Assignment = In the entries below, find every line with "Size" and copy it.

Data to examine =
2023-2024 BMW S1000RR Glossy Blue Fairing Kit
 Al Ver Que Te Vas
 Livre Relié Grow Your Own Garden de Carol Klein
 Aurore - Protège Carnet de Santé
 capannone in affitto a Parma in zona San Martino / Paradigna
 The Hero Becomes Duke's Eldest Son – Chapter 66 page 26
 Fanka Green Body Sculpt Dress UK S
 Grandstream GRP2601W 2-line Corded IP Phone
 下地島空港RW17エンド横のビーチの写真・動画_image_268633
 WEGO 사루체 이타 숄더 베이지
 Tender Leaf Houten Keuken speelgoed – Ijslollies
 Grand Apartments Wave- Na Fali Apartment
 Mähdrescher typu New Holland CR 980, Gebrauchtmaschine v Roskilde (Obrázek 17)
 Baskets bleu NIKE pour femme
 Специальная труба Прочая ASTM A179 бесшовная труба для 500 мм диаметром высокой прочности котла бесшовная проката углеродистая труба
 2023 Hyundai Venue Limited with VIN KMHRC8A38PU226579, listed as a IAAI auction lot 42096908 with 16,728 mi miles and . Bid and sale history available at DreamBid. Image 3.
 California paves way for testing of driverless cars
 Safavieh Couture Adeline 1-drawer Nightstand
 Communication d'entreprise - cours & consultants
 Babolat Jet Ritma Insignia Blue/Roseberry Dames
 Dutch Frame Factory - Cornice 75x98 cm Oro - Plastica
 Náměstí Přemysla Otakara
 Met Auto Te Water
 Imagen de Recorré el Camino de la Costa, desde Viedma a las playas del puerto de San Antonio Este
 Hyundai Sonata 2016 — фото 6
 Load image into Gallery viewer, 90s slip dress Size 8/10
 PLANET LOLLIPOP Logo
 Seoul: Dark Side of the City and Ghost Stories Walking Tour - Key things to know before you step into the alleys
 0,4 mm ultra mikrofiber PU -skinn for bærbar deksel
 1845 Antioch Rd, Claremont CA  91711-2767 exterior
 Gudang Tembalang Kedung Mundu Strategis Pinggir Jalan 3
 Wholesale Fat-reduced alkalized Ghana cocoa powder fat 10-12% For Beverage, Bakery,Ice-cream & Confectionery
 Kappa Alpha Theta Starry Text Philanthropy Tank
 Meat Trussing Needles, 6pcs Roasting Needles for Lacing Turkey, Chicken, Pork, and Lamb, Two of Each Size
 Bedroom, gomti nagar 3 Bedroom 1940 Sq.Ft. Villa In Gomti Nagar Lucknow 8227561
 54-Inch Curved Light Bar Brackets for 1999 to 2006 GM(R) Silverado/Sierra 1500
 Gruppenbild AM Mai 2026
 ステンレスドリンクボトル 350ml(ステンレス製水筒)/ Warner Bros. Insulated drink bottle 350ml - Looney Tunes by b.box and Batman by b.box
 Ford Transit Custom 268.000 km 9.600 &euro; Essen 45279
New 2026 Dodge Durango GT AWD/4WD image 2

Reply to the task =
 Load image into Gallery viewer, 90s slip dress Size 8/10
 Meat Trussing Needles, 6pcs Roasting Needles for Lacing Turkey, Chicken, Pork, and Lamb, Two of Each Size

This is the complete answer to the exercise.